§ Task directions
In the entries below, the lines from the one with "Постукивание по зубу" through the one with "Foi Assim que" are to be copied exactly; both ends count.

§ Data section
::::

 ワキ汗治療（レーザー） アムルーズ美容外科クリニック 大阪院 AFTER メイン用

::::

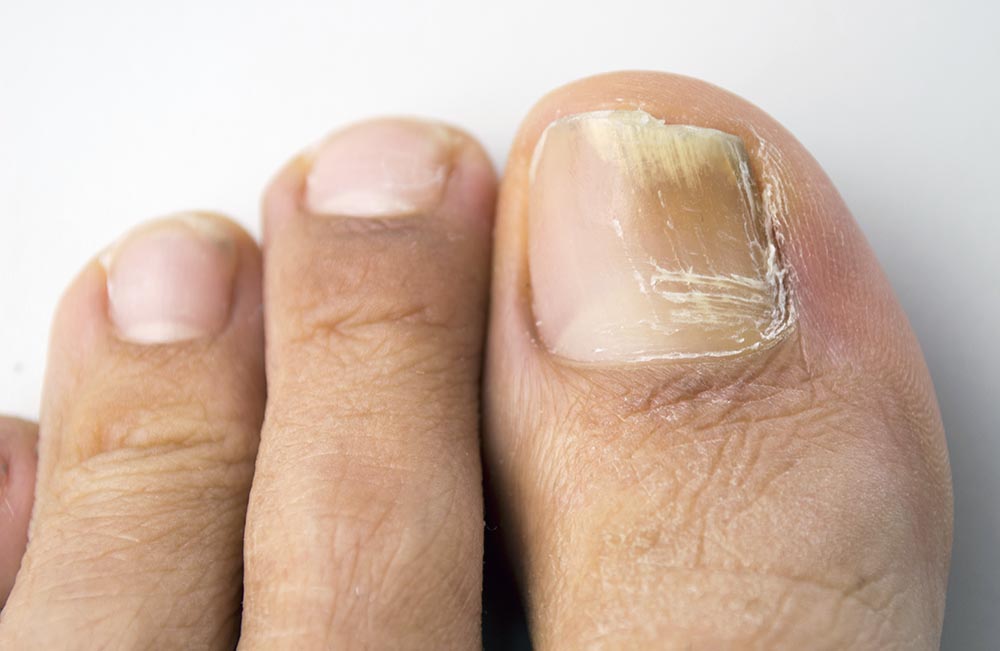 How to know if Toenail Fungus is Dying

::::

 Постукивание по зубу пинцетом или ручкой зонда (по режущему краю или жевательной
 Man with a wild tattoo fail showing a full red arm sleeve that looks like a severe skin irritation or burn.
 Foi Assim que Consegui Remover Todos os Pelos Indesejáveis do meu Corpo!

::::

§ Written solution
 Постукивание по зубу пинцетом или ручкой зонда (по режущему краю или жевательной
 Man with a wild tattoo fail showing a full red arm sleeve that looks like a severe skin irritation or burn.
 Foi Assim que Consegui Remover Todos os Pelos Indesejáveis do meu Corpo!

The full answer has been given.